The structure <NUM> can be formed by depositing a layer of gate dielectric material on the semiconductor substrate <NUM>, and depositing a layer of polysilicon (or other electrically conductive material) on the layer of gate dielectric material. The layer of polysilicon and the layer gate dielectric material can then be etched using an etch mask to form the gate dielectric elements (e.g. gate dielectric <NUM>) and the lowermost conductive material element (e.g. conductive element <NUM>) of the floating gate structures. Following formation of an ion-implantation mask, ion implantation can then be performed to form the source and drain regions (e.g. source region 521and a drain region <NUM>) of the chemical sensors.

A first layer of the dielectric material <NUM> can then be deposited over the lowermost conductive material elements. Conductive plugs can then be formed within vias etched in the first layer of dielectric material <NUM> to contact the lowermost conductive material elements of the floating gate structures. A layer of conductive material can then be deposited on the first layer of the dielectric material <NUM> and patterned to form second conductive material elements electrically connected to the conductive plugs. This process can then be repeated multiple times to form the partially completed floating gate structures shown in <FIG>. Alternatively, other and/or additional techniques may be performed to form the structure.

Forming the structure <NUM> in <FIG> can also include forming additional elements such as array lines (e.g. row lines, column lines, etc.) for accessing the chemical sensors, additional doped regions in the substrate <NUM>, and other circuitry (e.g. select switches, access circuitry, bias circuitry etc.) used to operate the chemical sensors, depending upon the device and array configuration in which the chemical sensors are implemented.

Next, conductive material <NUM> is formed on the structure illustrated in <FIG> to contact the partially completed floating gate structures. An etch mask including mask elements <NUM>, <NUM> is then formed on the conductive material <NUM>, resulting in the structure illustrated in <FIG>.

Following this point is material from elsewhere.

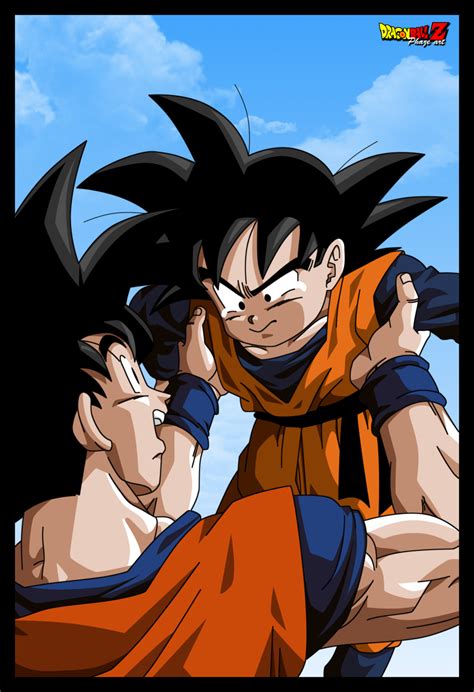Goku Goten Dragon Ball Z Dragon Ball Goku Anime Hot Sex Picture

The conductive material <NUM> includes one or more layers of electrically conductive material. For example, the conductive material <NUM> may include a layer of titanium nitride formed on a layer of aluminum, or a layer of titanium nitride formed on a layer of copper. Alternatively, the number of layers may be different than two, and other and/or additional conductive materials may be used. Examples of conductive materials that can be used in some embodiments include tantalum, aluminum, lanthanum, titanium, zirconium, hafnium, tungsten, palladium, iridium, etc., and combinations thereof.

The locations of the mask elements <NUM>, <NUM> define the locations of the sensor plates for the chemically-sensitive field effect transistors of the corresponding groups of chemical sensors. In the illustrated embodiment, the mask elements <NUM>, <NUM> comprise photoresist material which has been patterned using a lithographic process. Alternatively, other techniques and materials may be used.

Next, the conductive material <NUM> is etched using the mask elements <NUM>, <NUM> as a mask, resulting in the structure illustrated in <FIG>. The etching process forms conductive elements <NUM>, <NUM> in electrical contact with the partially completed floating gate structures of a corresponding group of sensors. The conductive element <NUM> electrically connects the partially completed floating gate structures for a group of sensors <NUM>-<NUM>, to complete the common floating gate <NUM> for this group of sensors. Similarly, the conductive material element <NUM> completes the common floating gate for the adjacent group of sensors.

Next, the mask elements <NUM>, <NUM> are removed and dielectric material <NUM> is formed, resulting in the structure illustrated in <FIG>. The dielectric material <NUM> may comprise one or more layers of deposited dielectric material, such as silicon dioxide or silicon nitride.

Next, the dielectric material <NUM> is etched to form openings defining reaction regions <NUM>, <NUM> extending to upper surfaces of the conductive material elements <NUM>, <NUM>, resulting in the structure illustrated in <FIG>.

<FIG> illustrates a cross-sectional view of portions of two groups of chemical sensors and their corresponding reaction regions according to a second embodiment. In contrast to the embodiment shown in <FIG>, the common floating gate for each group of chemical sensors includes a sensor plate that is smaller than the bottom surface of the corresponding reaction region.

In <FIG>, the floating gate structure <NUM> for the group of chemical sensors <NUM>-<NUM> includes conductive element <NUM> coupled to the reaction region <NUM>. The conductive element <NUM> is coupled to the conductive element <NUM> by conductive plug <NUM>. The conductive element <NUM> is the uppermost floating gate conductor in the floating gate structure <NUM>, and thus acts as the sensor plate for the group of chemical sensors <NUM>-<NUM>.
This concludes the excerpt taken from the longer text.